Yazmış olduğum bu yazı, Doç. Dr. Deniz Dilara Dereli’nin 2016 tarihli “Transatlantik Ticaret ve Yatırım Ortaklığı’nın Avrupa Birliği ve Amerika Birleşik Devletleri’nin Rekabet Gücüne Muhtemel Etkileri” isimli makalesine dair kendi görüşlerimi içermektedir.
Makalenin ilk kısmında Transatlantik Ticaret ve Yatırım Ortaklığı’nın (TTYO) nasıl ortaya çıktığını, bu ortaklığa neden ihtiyaç duyulduğu ve bu ortaklıktan neler beklendiği hususunda geçmişten makalenin yazıldığı tarihe kadar olan bir süreci ele almaktadır. Dünya Ticaret Örgütü’nün (DTÖ) ticarete dair konularda sınırlı başarılar elde etmiş olması ve son zamanlarda küresel ticarette DTÖ’nün herhangi bir gelişme kaydedememesi üzerine ABD ile AB kendi büyüme hedeflerini göz önüne alarak DTÖ’nün bu sınırlı başarıları ile hedeflerine ulaşamayacaklarını değerlendirerek geçmişteki işbirliği girişimlerinden daha farklı bir strateji geliştirmelerine yol açmıştır. TTYO ile birlikte AB ve ABD yeni pazarlara girmeyi ve güçlenmeyi hem de Çin ve Hindistan karşısında kaybettikleri rekabet güçlerini geri kazanmayı amaçlamaktadır.

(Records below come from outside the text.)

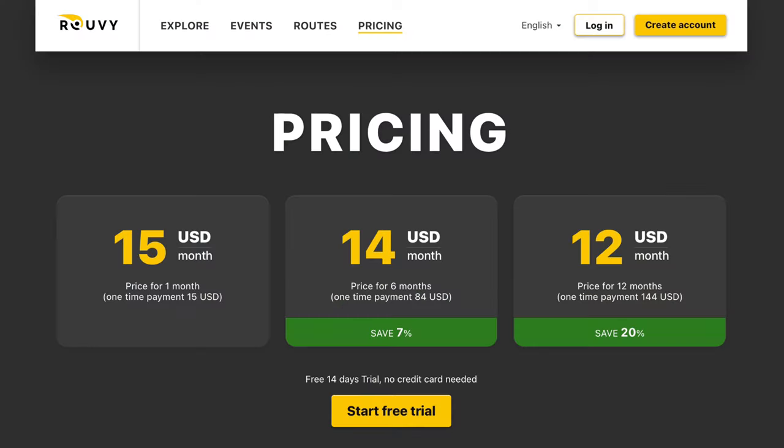If you want to try Ruvi out, it is $15 per month or $12 per month if you sign up for a full year. They also have a 14-day free trial where you can try all these features out without being committed to anything.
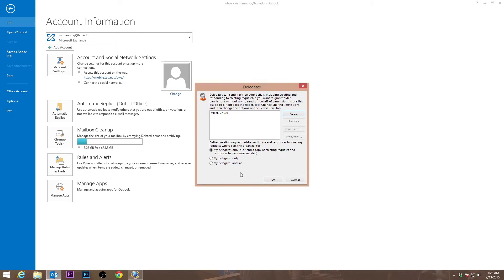If you ever want to change the permissions for an existing delegate, you can do this by selecting the delegate and then pressing permissions.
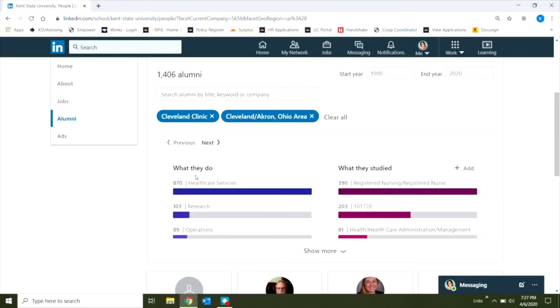I can look at things like what they do or what they've studied, but maybe that's not helpful. I may be interested in connecting with alum who have recently graduated and have just gone through the job search process.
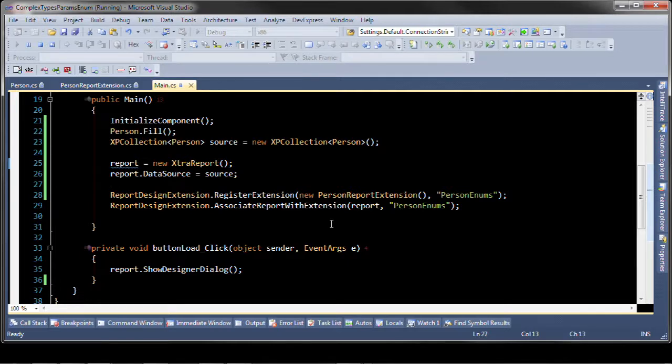Once that's done you'll be able to see the new enum values in the parameters inside of the end user report designer.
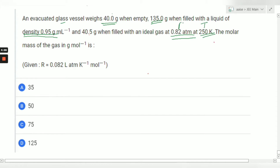So we have: pressure P, temperature T, density of liquid, weight of evacuated glass vessel, and weight when filled with liquid. The value of R is given. We are supposed to calculate the molar mass of the gas in gram per mole. Let the molar mass of the gas be capital M.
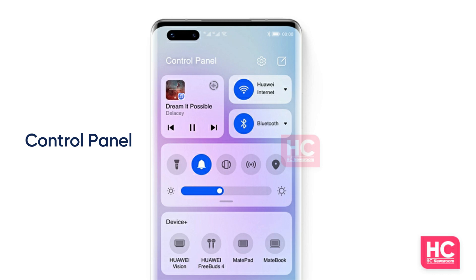Users now have a brand new notification center that you can access by swiping down from the top left corner of the display.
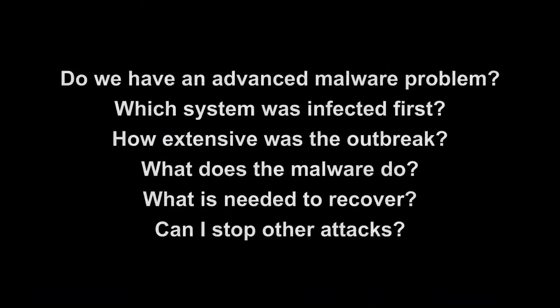So remember, FireAmp can answer all the questions clients struggle with when dealing with advanced malware. The file trajectory capability featured in this demo works with FireAmp's reporting, file analysis, outbreak control, and cloud recall to provide a complete solution. Be sure to check out our other videos for more information.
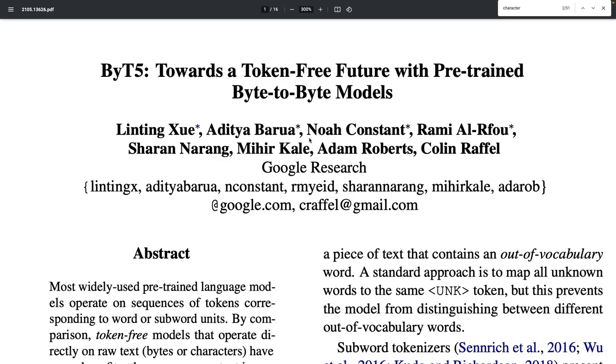Hello everyone. Today we're taking a look at ByT5: towards a token-free future with pre-trained byte-to-byte models.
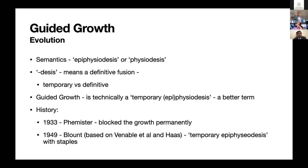There are some semantics here: 'epiphysiodesis' is anatomically incorrect since we're clamping the physis, not the epiphysis — it should be 'physiodesis.' The Greek meaning of 'desis' implies definitive fusion, so 'temporary physiodesis' is contradictory. Hence 'guided growth' has come into our language as a better term. The history goes back to the early 20th century — 1933 saw the first proper procedure. Interestingly, the first physiodesis was performed at the distal radius, not the distal femur. Blount then brought instrumentation.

Makalenin ikinci kısımda TTYO’nun kapsamı değerlendirilmiştir. Transatlantik ticarette ortaklığın başlaması adına başlatılan çalışmaların ilk adımında kurulan Yüksek Seviyeli Çalışma Grubu’nun Haziran 2012 tarihli raporuna yer verilmiştir. Bu raporda TTYO’nun kapsamı gözler önüne serilmiştir. Bu kısımda yer alan bilgiler okuyucunun TTYO’nun amacı ve kapsamını anlaması için gerekli olan bilgileri en iyi şekilde verdiğini düşünmekteyim. Ayrıca AB ile ABD arasında TTYO’daki düzenleyici konularda olan uyum ile farklılıklara da değinmektedir. Dışarıdan bakıldığında bu iki ticaret ortağının her konuda uyumlu olduğu düşünülse de makalede bu iki ticaret ortağının örneğin GDO’lu gıdalar üzerine olan görüş ayrılıklarına yer verilmiştir. Birbirlerine karşı bu tür konularda nasıl bir uzlaşmaya gidecekleri hususu ise tartışmalıdır. Makalenin ikinci kısmı TTYO’nun kapsamı hususunda yeteri kadar bilgilendirdiği ve verilen örneklerle beraber okuyucuya hem tarafların uzlaştıkları noktalar hem de farklı yaklaşımlarının olduğu noktalar açısından iki taraflı bir bakış açısı sunduğu kanaatindeyim.
Makalenin üçüncü kısmında AB ile ABD arasındaki ticaretin durumu anlatılmış. Bu kısımda 2012 yılına kadar olan ticaret durumları tablolar eşliğinde makalede yer almıştır. Bu iki ticaret ortağının hem kendi aralarında olan ithalat ve ihracat değerleri hem de diğer ülkelerle olan ihracat ve ithalat değerleri anlaşılabilecek şekilde tabloda yer almıştır. Bu değerlerin tablo ile gösterilmesi hem okuyucunun anlayabilmesi hem de karşılaştırma yapabilmesi açısından oldukça kullanışlı olmaktadır.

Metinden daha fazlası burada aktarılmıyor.